Set iLabour Three Free
“These journalists were serving the public interest by exposing life-threatening labor violations, and therefore they should never have been arrested,” said Christophe Deloire, Secretary-General of Reporters Without Borders (RSF) in a press statement released last week.
He insisted that the Chinese Constitution “enshrines freedom of the press and safe working conditions.”
RSF estimated that “at least 114 journalists and bloggers are currently imprisoned in life-threatening condition in China.”
In its 2019 World Press Freedom Index, the international group ranks China’s level of press freedom the 177th out of a total of 180 countries, which suggests China’s reporting environment only outperforms that in Eritrea, North Korea and Turkmenistan.
Sweeping Crackdown
Also, a group of online campaigners, which run a Facebook page titled Global Support for Disappeared Left Activists in China, noted that, since last July’s Jasic Incident, more than 130 labor rights activists have been detained or disappeared in China. Over 50 of them remain missing or in custody.
The Jasic incident was a month-long labor rights conflict, in which, workers from Jasic Technologies Co in Shenzhen, dissatisfied with what they alleged were low pay and poor working conditions, staged protests and sought to form a labor union.
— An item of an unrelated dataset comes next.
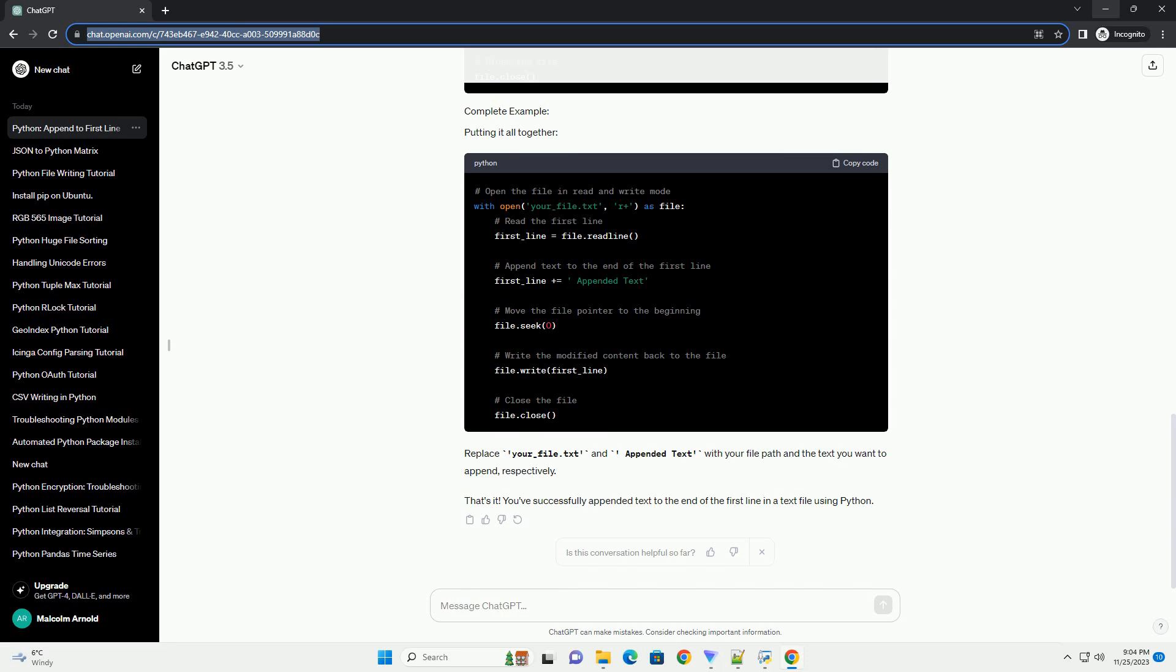Before writing the modified content back to the file, you need to move the file pointer to the beginning of the file using the seek method.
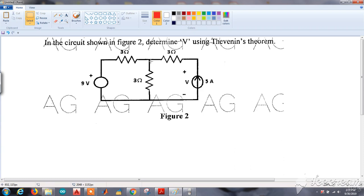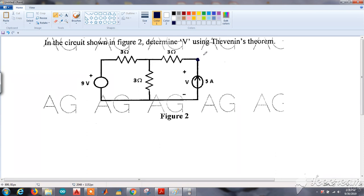In the circuit shown in figure 2, determine V using Thevenin's theorem. This is the voltage we have to find across a current source of 5 amperes, which is our load. First of all, we will denote our load by keeping terminals A and B at its load terminals.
Their calls drew support from students and professors at more than 20 universities. The Facebook group says more than 60 workers and supporters ended up being detained.
China’s state-controlled Xinhua news, in August, placed the blame on labor groups and foreign forces, saying a Shenzhen-based labor center that partners with Hong Kong-based Worker Empowerment, fanned the protests. It failed to mention that the workers were protesting due to labor rights violations and state violence.
Since then, the group observed that the authorities’ targets of arrests have ranged from worker organizers, leftist students, labor organizations staff and even social workers.
Analysts noted that the detention of workers and supporters, plus the state media’s efforts to discredit them, showed the lengths Chinese authorities would go to, to crush worker disputes.
And China’s crackdown on labor activists has become so widespread that it’s hard to tell what activities are viewed by the authorities as crossing the red line, said Li Qiang, founder and executive director of China Labor Watch.
Riskier Labor Activism
In other words, anything that is beyond the Communist Party’s control will threaten the party’s rule and risk being suppressed, Li Qiang added.
“The Communist Party is concerned that, once highly-educated students or intellectuals with ideology join hands with the working class and get involved in the workers’ movement, the situation may get out of control and become detrimental [to its rule]. What worries the party the most is workers groups being organized,” said Li, who is currently based in New York.
Caught in the government’s crackdown, labor rights activists in China face an even more unclear and risker fate if they continue their activism, Li said.